Students at Manassas City Public Schools are returning to the classroom for the first time since March.

Special Education students returned to the classroom on November 4. In December, the city School Board is set to vote on when to return the remainder of the school division’s nearly 8,000 students to the classroom, up to three days per week.

However, some students may return to find a key element of the classroom experience missing: A teacher at the front of the classroom.

During a special meeting of the City School Board on November 11, Dr. Melissa Saunders, director of the student achievement at the city school division, said some teachers might opt to remain at home and teach virtually. Those teachers would be given the option to work remotely.

“We don’t speak for other divisions, but as for [Manassas City Public Schools], we do not know how many teachers [the return to in-person learning plan] will impact yet, as they will need to go through the process of obtaining documentation for their doctor,” said schools spokeswoman Al Raford penned in an email to PLN. “The goal is to keep consistency for students. If a teacher has the proper documentation for teleworking, and we can find coverage for the classroom, we will explore this idea.” 

A classroom monitor would sit with children while teachers provided virtual instructions from home. It would be a newly created position within the school division, which has yet to be advertised on the school division’s employment website, Radford added.

Many will have students in their classroom and children who are participating in the discussion at home for teachers who do return to teach in person.

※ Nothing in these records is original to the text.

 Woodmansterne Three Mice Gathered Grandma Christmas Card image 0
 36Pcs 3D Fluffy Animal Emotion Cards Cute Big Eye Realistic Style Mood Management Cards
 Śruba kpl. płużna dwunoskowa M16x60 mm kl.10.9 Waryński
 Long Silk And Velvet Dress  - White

The in-person teacher will use a computer monitor and a microphone to see and interact with the at-home students.

The school division planned to send a survey to parents on November 16, asking whether they wanted their children back in the classroom for in-person learning.

A similar survey was sent to parents over the summer, and the majority of respondents opted to send their children back to the classroom. Only 31% of respondents said they would opt to keep their child at home, while 49% of teachers surveyed said they were comfortable returning to the classroom.

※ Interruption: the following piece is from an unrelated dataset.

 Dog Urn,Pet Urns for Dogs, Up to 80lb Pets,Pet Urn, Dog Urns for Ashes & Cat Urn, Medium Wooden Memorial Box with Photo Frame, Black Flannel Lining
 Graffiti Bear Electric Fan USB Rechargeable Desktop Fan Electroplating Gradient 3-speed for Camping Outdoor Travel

The school system started classes on August 31, with all students learning from laptops at home.

If the city School Board in December selects a date for students to return to the classroom, students will continue to be on their own, from home, for “asynchronous” learning on Mondays and alternate in-person days Tuesday through Friday.

Pre-kindergarten through first-grade students will be the first to go back.  Two to three weeks later, grades two through four will return, followed by the remaining grade levels three weeks afterward.

All teachers are slated to return to the classroom three days before the start of school to familiarize themselves with the new technology set up in the classroom, as many will be teaching students sitting in desks in the classroom, as well as students who are learning from home, at the same time.

One thought on “Monitors, not teachers, could oversee in-person learning in some Manassas classrooms

  1. If you cannot do your job, and in person (which is what your job is), time to find a new career. Perhaps a private school will hire them? Prob not, as private schools have been teaching in person. These are public employees. NEA needs to do what they tell everyone else to do: just wash your hands, wear a mask and social distance and all is good. That’s been their party line for a while. If everyone else can come into work…so can teachers. Classroom prob safer than a Walmart where we all go (and I’ve seen teachers there). Enough is enough, election is over.

    Our good teachers need to stand up and say they’re “tired of being held hostage” by the NEA and their local affiliates.